▶ [Exercise brief]: When you retype the data, keep every word exactly and include none of the pictures.

▶ [Data segment]:
::::::::
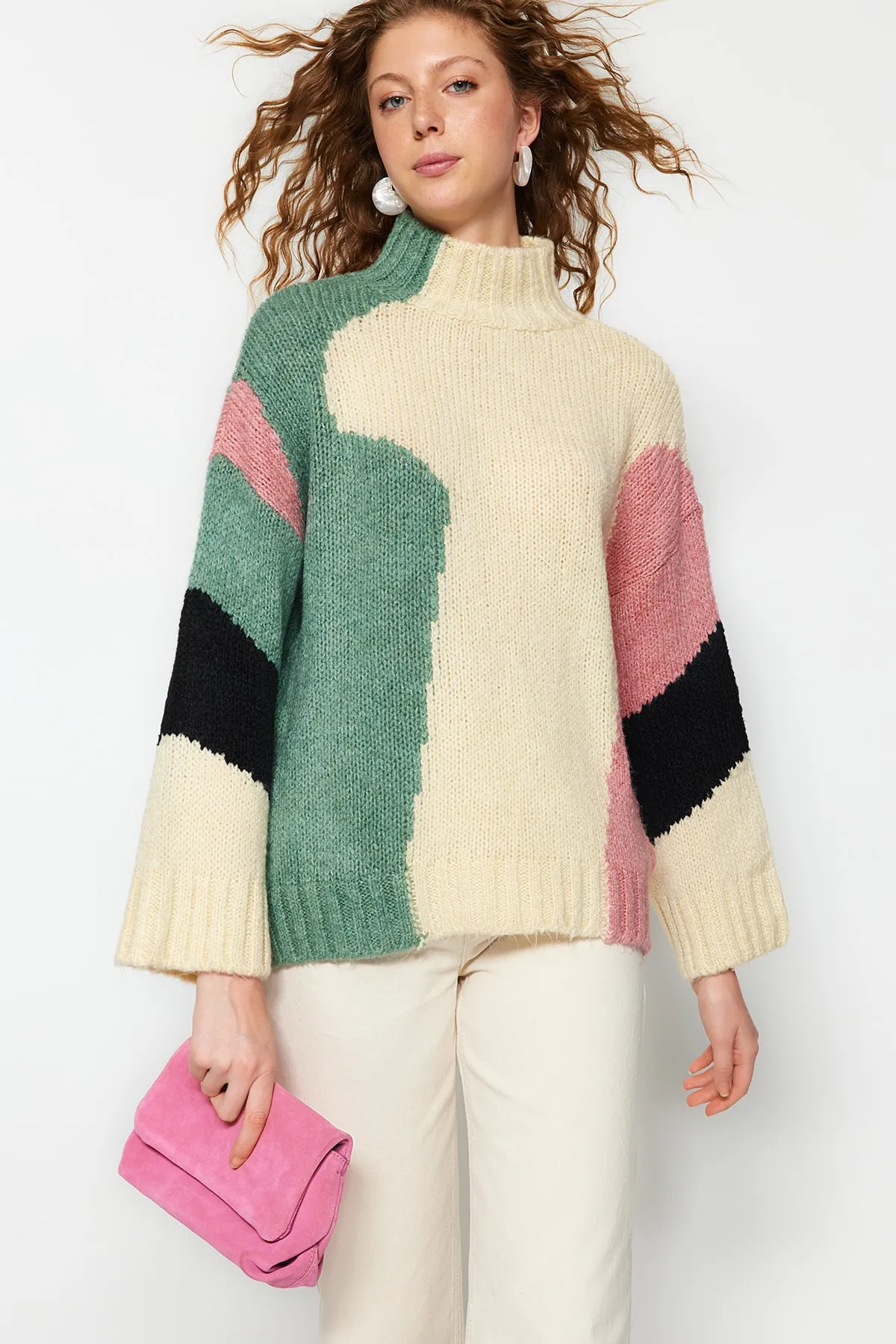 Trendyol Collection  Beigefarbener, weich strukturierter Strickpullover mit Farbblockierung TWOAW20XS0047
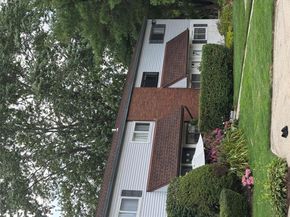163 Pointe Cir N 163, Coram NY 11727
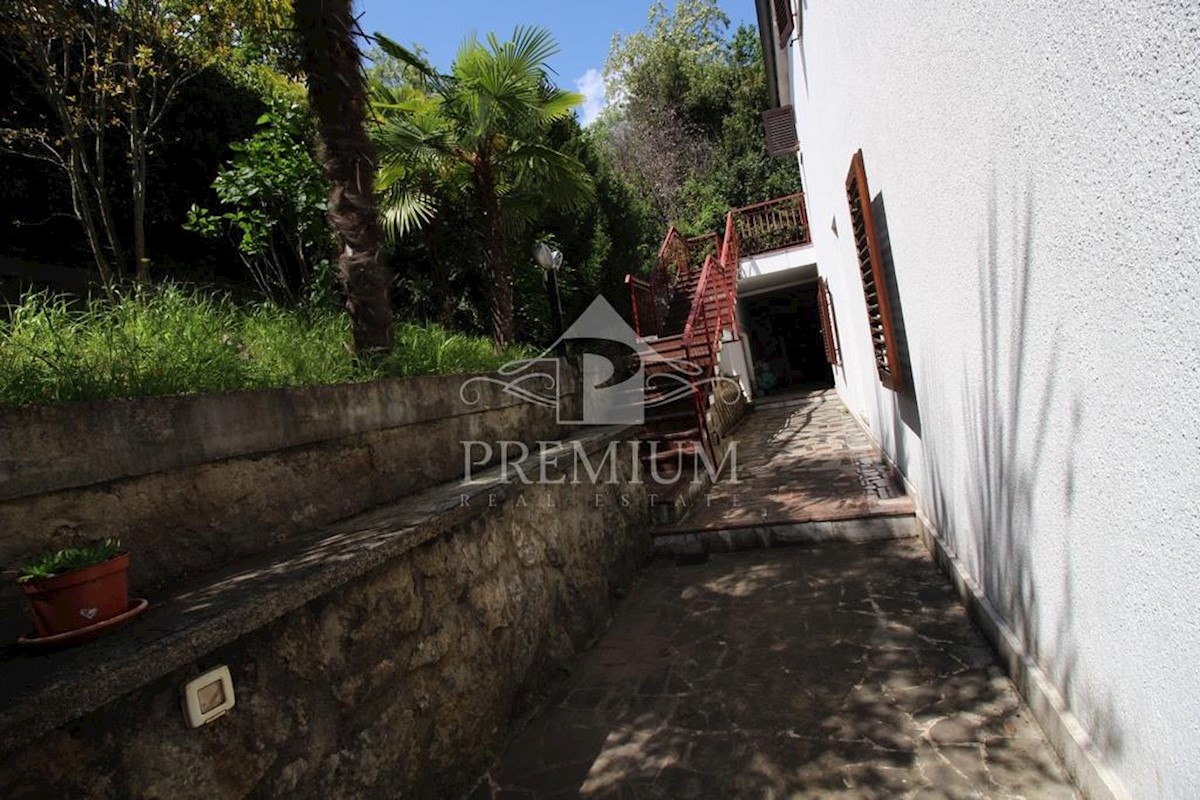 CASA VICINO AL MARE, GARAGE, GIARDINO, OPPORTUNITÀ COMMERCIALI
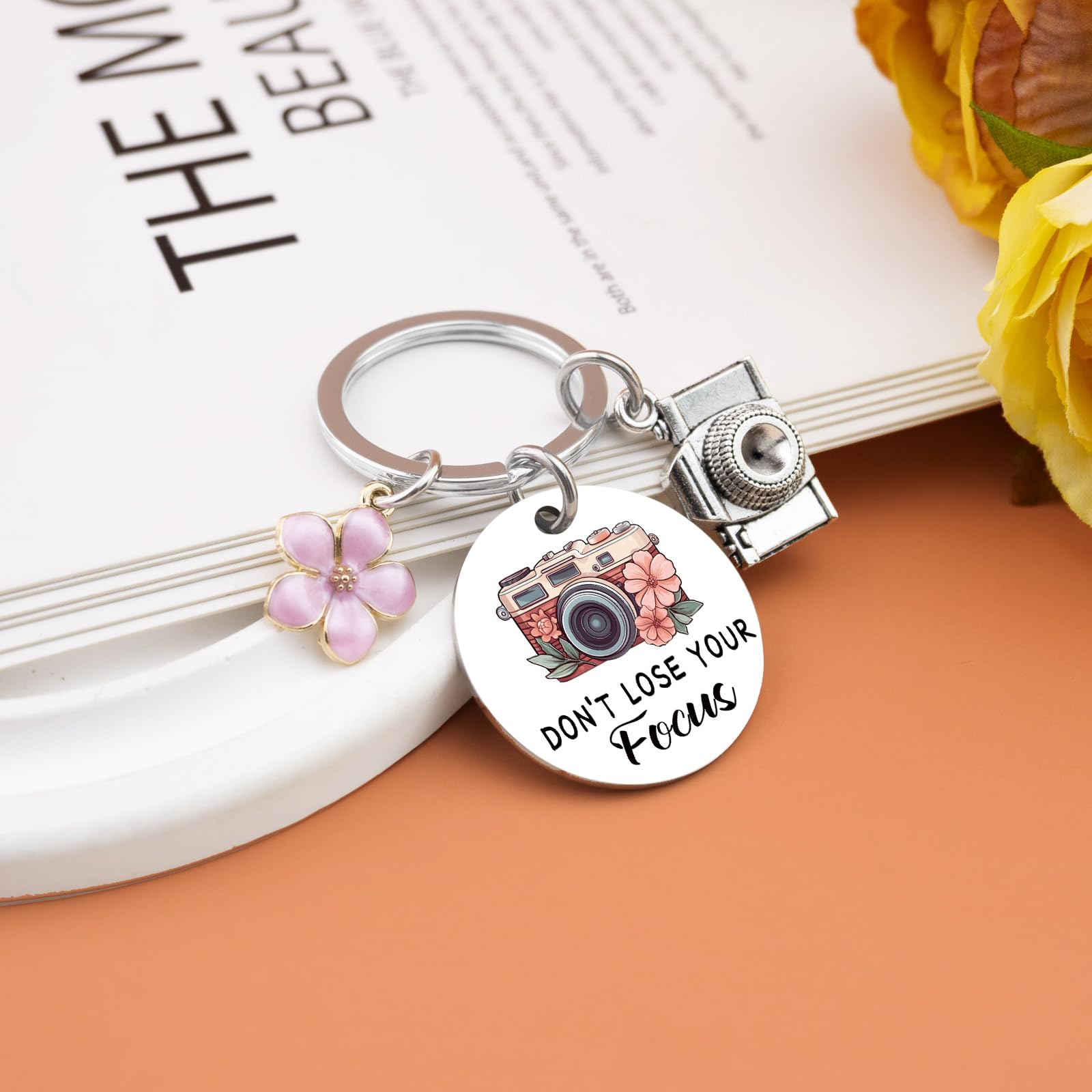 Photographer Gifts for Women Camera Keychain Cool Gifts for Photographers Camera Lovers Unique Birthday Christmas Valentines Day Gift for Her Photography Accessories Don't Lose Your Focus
::::::::
▶ [Response]:
 Trendyol Collection  Beigefarbener, weich strukturierter Strickpullover mit Farbblockierung TWOAW20XS0047
163 Pointe Cir N 163, Coram NY 11727
 CASA VICINO AL MARE, GARAGE, GIARDINO, OPPORTUNITÀ COMMERCIALI
 Photographer Gifts for Women Camera Keychain Cool Gifts for Photographers Camera Lovers Unique Birthday Christmas Valentines Day Gift for Her Photography Accessories Don't Lose Your Focus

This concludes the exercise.